Sunday, August 27, 2006

Interesting pro-National Health Care Argument

Don Boudreaux at Cafe Hayek posts a critique of Malcolm Gladwell's New Yorker article on universal health insurance. A good post, but nothing shockingly new. But Tom West in the comments has a nuanced and interesting defense of a Canadian-style system that I'd not heard before:
I think you misunderstand the advantages of a national health-care scheme. If the Canadian model is any indication, you can get about 90% of the health outcomes for close to 50% of the costs.

Two things, however. National health-care works because it *is* rationing. Anybody who thinks they can get the advantages of national health-care (much lower costs) without the downside (somewhat lower health outcomes) is completely fooling themselves.

Frankly, unless Americans are willing to accept this trade-off, (and I don't think they are) it isn't possible to gain the primary benefits from a national health care system...It's easy to be told "there's nothing we can do for Grandpa any more". That doesn't work when next door somebody
is doing something (mostly fruitlessly spending dollars, but there will be *some* successes) for their Grandpa.)

...(A better analogy instead of steel is cars. People are currently buying BMWs, but if the government centralized it, we'd all be riding Toyota Corolla's. A *lot* cheaper, but not quite the same thing.)
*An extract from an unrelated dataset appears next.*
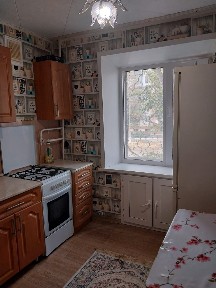 Сдам однокомнатную квартиру на втором этоже 80тт+комуналка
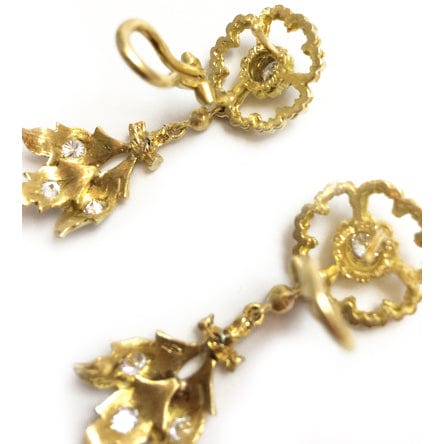 Boucles d'oreilles Boucles d'oreilles Buccellati or jaune et diamants. 58 Facettes 26869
I believe I've run across parts of this before, but Tom is the first person who's laid it out this clearly. National health care saves money because it forbids expensive, low-benefit treatments. It gives you a way to feel you've done everything possible without actually spending money on all the things that are possible. If no one can get these treatments—say, because private healthcare is outlawed—you can't feel bad about not spending barrels of money to extend Grandma's life another six months. Thus the scheme is dependant on outright forbidding many treatments, and insuring that there's no superior private option availalble. (Tom notes that the US provides a last-resort outlet, which lets off some pressure but isn't terribly visible and so doesn't bother most Canadians.)

Tom is right that this will save a lot of money (though moving to a Canadian system in America removes Canada's outlet, and ensures that we don't have one either). But this plan also means that you aren't allowed to get healthcare that could save your life. I find this thoroughly repugnant. That's a moral argument, not an economic one, and I can't prove its objective truth. But I can't buy into Tom's scheme; and I doubt that most Americans, were the plan presented to them clearly, would either.